Superbes « gueules » chez Gozzi

Légende

Masque de l'oiseau vert et croquis

Légende

Masque de Tartagliona et croquis

La naissance d’un personnage de théâtre

Si belles soient-elles, ces faces de cuir ne sont que des objets… qui prennent vie dès que les comédiens les animent.
« Masque, en latin, se dit ‘persona’ aime à rappeler Benno Besson. Et, de fait, lorsque le costume, le comédien et le masque sont en harmonie, on assiste à la naissance d’un personnage de théâtre » explique Jean-Michel Meyer dans le Journal de Genève.
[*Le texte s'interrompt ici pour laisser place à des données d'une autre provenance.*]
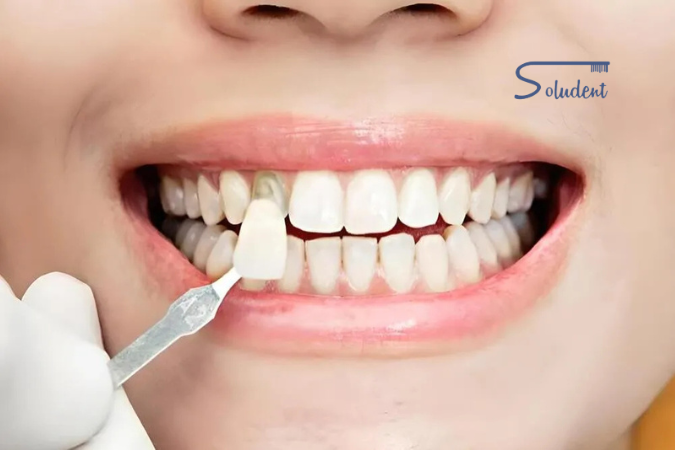 tratamiento de carillas dentales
Et Meyer de poursuivre : « L’art de l’acteur consiste, nous semble-t-il, à obéir au masque, à lui ressembler, à parler, à se mouvoir comme l’exige le personnage, tout en préservant sa propre liberté, son bonheur de jouer.
Il lui faut, en somme, et le défi apparaît là peut-être plus clairement que lors d’un jeu à visage découvert, servir le personnage, sans, pour autant, cesser d’être lui-même. »
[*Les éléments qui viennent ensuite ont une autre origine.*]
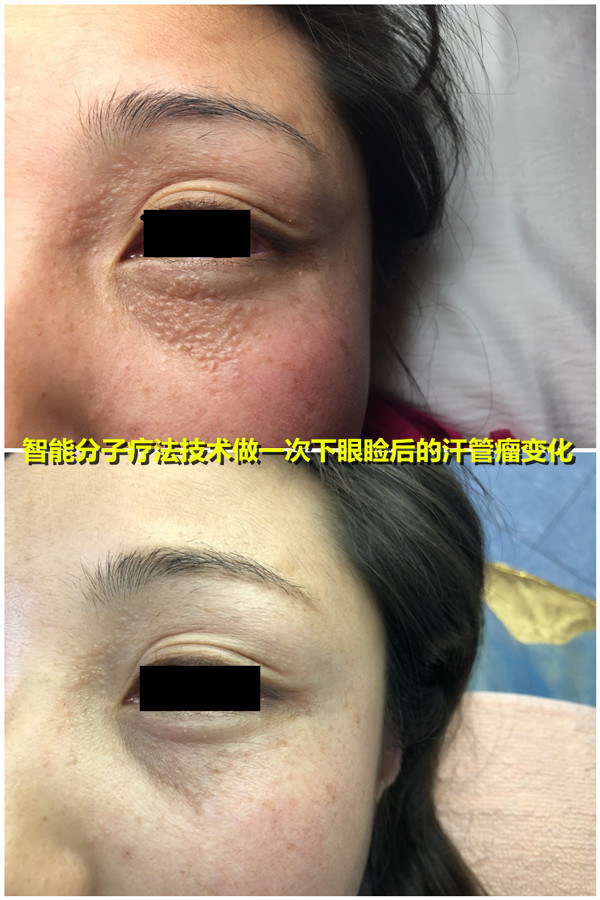 智能分子疗法技术 智能分子疗法技术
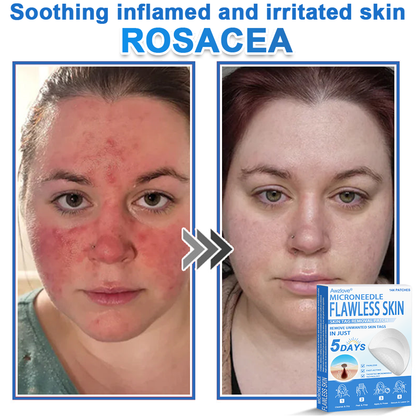📌 Awzlove® 2-in-1 Microneedle & Hydrocolloid Patch | Raised Moles,Acne,  Flat Warts & Skin Tags Remover | Improves Wrinkles, Scars & Blemishes | Invisible Star Pimple Patches for Face & Body |🎁🎁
« Besson ne l’a jamais complimenté sur une réalisation avant de l’avoir vue ‘en action’ » 


 

Répétitions de L’Oiseau vert. Benno Besson avec Pierre Byland (Truffaldino) et Françoise Giret (Smeraldina).
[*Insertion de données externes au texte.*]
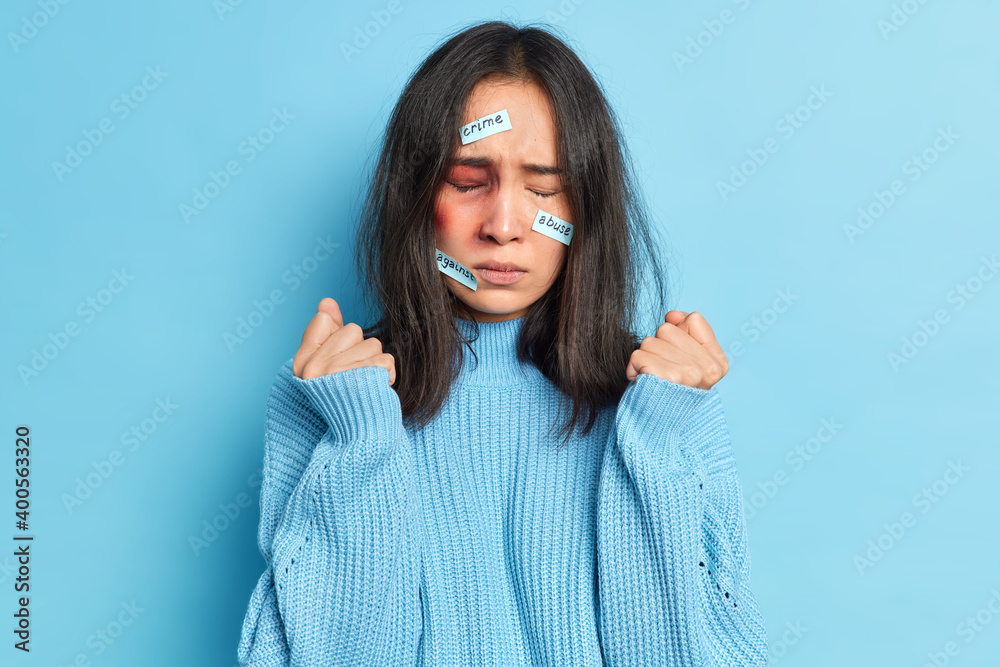 Abused assaulted woman clenches fists stands with big hematoma bruise on face expresses fear and despair being beaten closes eyes wears blue jumper poses indoor. Violence and feminism concept Abused assaulted woman clenches fists stands with big hematoma bruise on face expresses fear and despair being beaten closes eyes wears blue jumper poses indoor. Violence and feminism concept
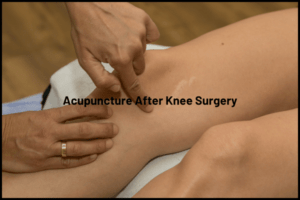Acupuncture After Knee Surgery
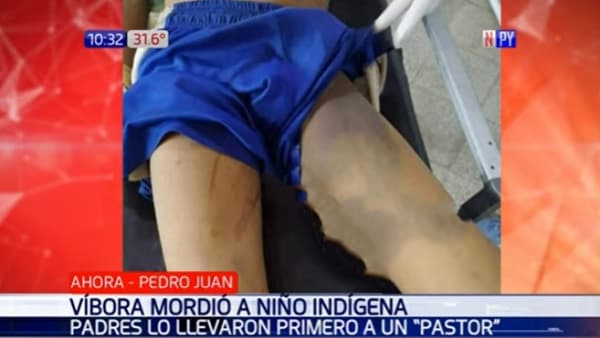 Niño en grave estado tras ser mordido por una víbora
« Un masque ajoute une dimension au meilleur comédien. Souvent les critiques parlent alors de l’anonymat des comédiens. Mais le talent passe à travers les masques, nom d’un chien ! »

Werner Strub

Masque de Brighella

« Quand je regarde ces masques qui ont joué, je vois leurs petites craquelures, des petites bosses, des petits plis. La sueur du comédien les a formés, patinés. Ils sont souvent un peu fatigués. Leurs bouches, leurs yeux s’ouvrent sur des vides tragiques qui gardent le secret des soirs de triomphe, où ils étaient animés, aimés.
On les admire mais ils attendent qu’on les fasse remonter sur scène pour déchaîner leur puissance. »

Benno Besson

L'oiseau bichonneur

En cuir, doublé d’un menton et d’un cou en tissu, les masques exigent un entretien quotidien.

Compte tenu de la transpiration, il faut les sécher puis les désinfecter après chaque représentation. En tournée, c’est Alain Trétout – l’oiseau vert « qui bouge la tête et roule les ‘r’ à la manière d’un perroquet ou d’un merle des Indes saisissant » – qui s’en est chargé.

Werner Strub, orfèvre du cuir

1965, reportage de Jo Excoffier chez Werner Strub

« Même aujourd’hui quand je prends les mesures, je fais généralement des photos.

La première raison, c’est que j’aime voir devant moi la personne pour qui je fais le masque, parce que je préfère faire un masque pour quelqu’un que je connais ; mais c’est aussi pour avoir des repères, en plus des mesures, pour le volume du masque.

J’aime toujours bien qu’il soit adapté au comédien. D’ailleurs, contrairement à ce que l’on peut parfois penser, le comédien aime très généralement être non pas serré dans le masque, mais le sentir très proche de lui. »

 

Werner Strub

Parce que c’était lui…

Benno Besson et Werner Strub

Si Werner Strub a réalisé des chefs-d’œuvre commandés par Maurice Béjart (Petrouchka), Roger Planchon (Gilles de Rais) ou Giorgio Strehler (Henry VI), c’est en Benno Besson, rencontré en 1972 à Berlin-Est, qu’il trouve son alter ego.
Avec lui, il dépasse le contexte des rôles fantastiques ou des figurants décoratifs pour créer des « masques-costumes qui lui semblent offrir des moyens sensibles, sensuels et spirituels pour décrire et cerner le personnage » confie-t-il à Patrick Ferla.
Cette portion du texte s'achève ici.